Я с трудом представлял свое появление на улице Помп, держа на руках Брижит и говоря: «Ее сердце больше не бьется, она не дышит, она зеленая, но это пустяки. Она не умерла».
Вошел доктор Лефранк и склонился над ней. Погладил лоб Брижит, приподнял веко, пощупал пульс, выпрямился, посмотрел на руки, которые поднес к губам, и сказал:
– Это краска.
Поняв, что она не умерла, Брижит вспомнила, что, оставив меня, пошла в ванную причесаться. А там как раз были заново окрашены стены. Она просто не заметила, как дотронулась до стены и двери.
Холодная война была в полном разгаре. Американские войска вторглись в Корею. Французский экспедиционный корпус терпел первые поражения под Као-Бангом и Ланг-Соном. Отдавая себе отчет, что политическая обстановка внутри страны и за ее пределами делает перспективы на будущее весьма сомнительными, в свои двадцать лет я старался максимально пользоваться радостями жизни. Несмотря на ежемесячные тревоги и страх, что родители Брижит могут застать нас на месте преступления, я был счастлив.
Брижит бросила лицей и посещала частные курсы, чтобы располагать временем для занятий танцем.

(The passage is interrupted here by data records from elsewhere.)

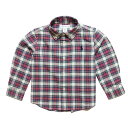 ラルフローレン　ベビー服 ラルフローレン RALPH LAUREN ベビー 男の子 長袖 シャツ Plaid Cotton Oxford Shirt, Red Multi レッド マルチ Red Multi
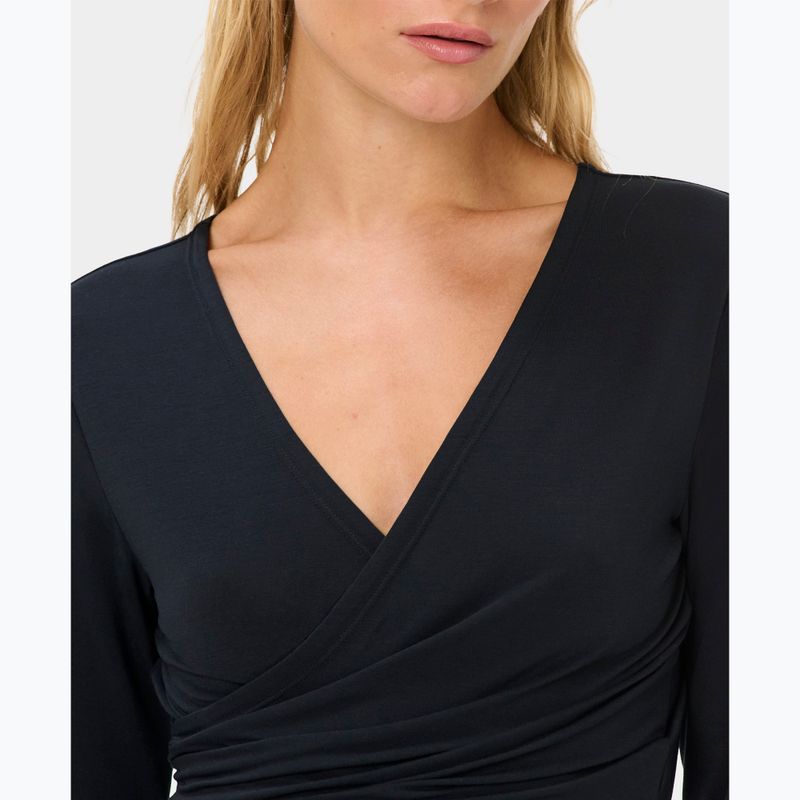 Dámske tričko longsleeve Sweaty Betty Soft Flow Studio Wear Your Way black 6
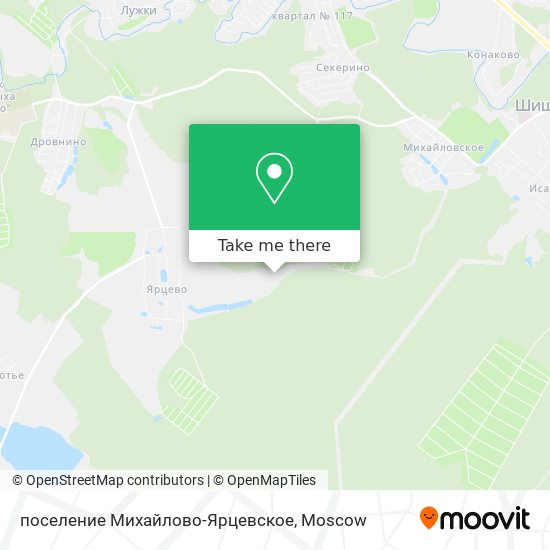 поселение Михайлово-Ярцевское map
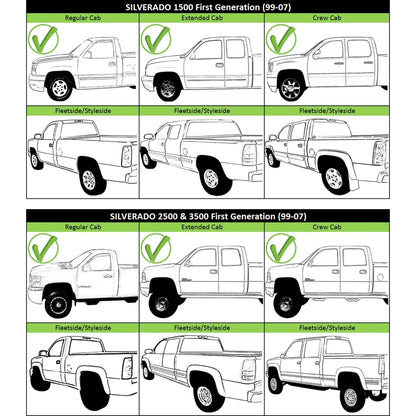 Tailgate For 1999-2006 Chevy Silverado 1500 01-06 Silverado 2500 HD Assembly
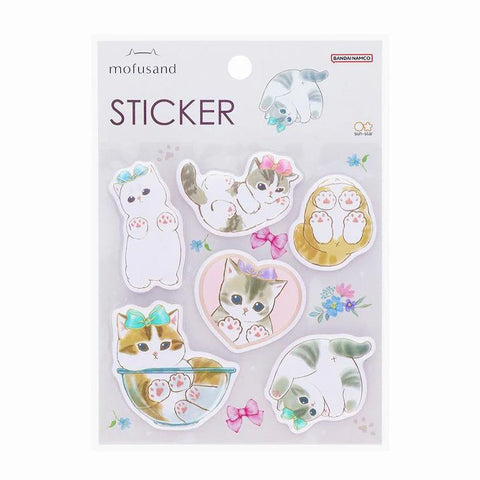 Mofusand Cat Paws Puffy Stickers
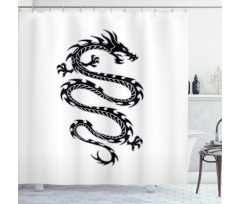 Tribal Medieval Shower Curtain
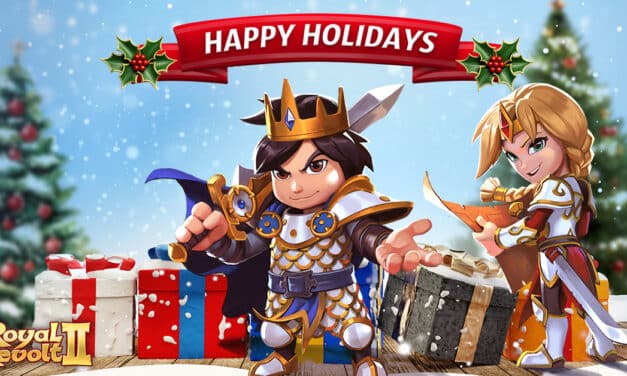 Happy Holidays from the Royal Revolt 2 Team 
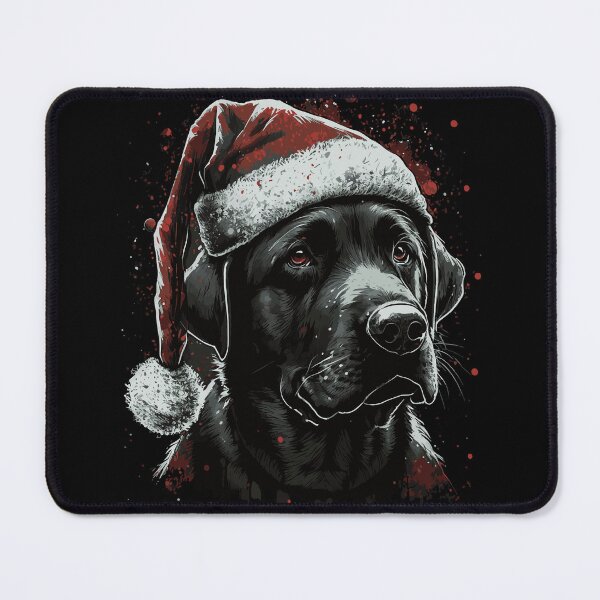 Item preview, Labrador with Santa Claus hat designed and sold by drizzd.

Иногда я заходил на студию Уолкера посмотреть, как она занимается, и был в полном восхищении. Изящная, воздушная, она всю себя отдавала этому искусству. Никогда потом я не видел ее на студии, перед камерой в таком согласии с самой собой. Если бы по причинам, о которых я скажу ниже, она не рассталась с балетом, она несомненно могла бы стать одной из самых великих танцовщиц своего времени. Я знал, что после неудачи с пробой на «Срезанных лаврах» она поставила крест на кино и теперь всецело отдавала себя балету.
Ни ее среда, ни наследственность не предрасполагали Брижит к артистической карьере. Но несмотря на полученное воспитание у Брижит сформировался весьма независимый характер. Имея антиконформистскую натуру, Брижит стремилась самоутвердиться вопреки принятым правилам морали, которая, по ее мнению, совершенно устарела. О родителях она говорила, что они живут в эпоху динозавров. Вероятно, именно потому, что религия и ежевоскресная месса были ей навязаны, как нечто обязательное, не подлежащее обсуждению, Брижит с детства испытывала аллергию к церкви и обрядам.

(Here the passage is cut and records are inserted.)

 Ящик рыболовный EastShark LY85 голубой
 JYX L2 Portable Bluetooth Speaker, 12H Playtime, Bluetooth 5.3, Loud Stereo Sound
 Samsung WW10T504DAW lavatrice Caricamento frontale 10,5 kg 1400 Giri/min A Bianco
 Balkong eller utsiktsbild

Не догадываясь относительно характера моих отношений с его дочерью, господин Бардо проявлял тем не менее все большую нервозность. Разрешая мне сводить Брижит в кино, он навязывал нам в качестве сопровождающей Мижану. Однажды та донесла, что видела, как я целую ее сестру в метро. Пилу пригласил меня в свой кабинет.
Он был очень бледен. Губы сжаты.
– Я жду, – произнес он.
– Чего? – спросил я, чтобы потянуть время.
– Я жду объяснений по поводу поцелуя в метро.
Я заметил на его настольном календаре дату 21 июня и сказал:
– Я поздравил ее с началом лета.
Подумав немного, он произнес:
– Поцелуй разрешен в полночь 31 декабря, а не в первый день лета.
– Я решил ввести новый обычай, – возразил я.
Он не мог сдержать улыбки и покачал головой. Но в течение двух недель мы были лишены права ходить в кино.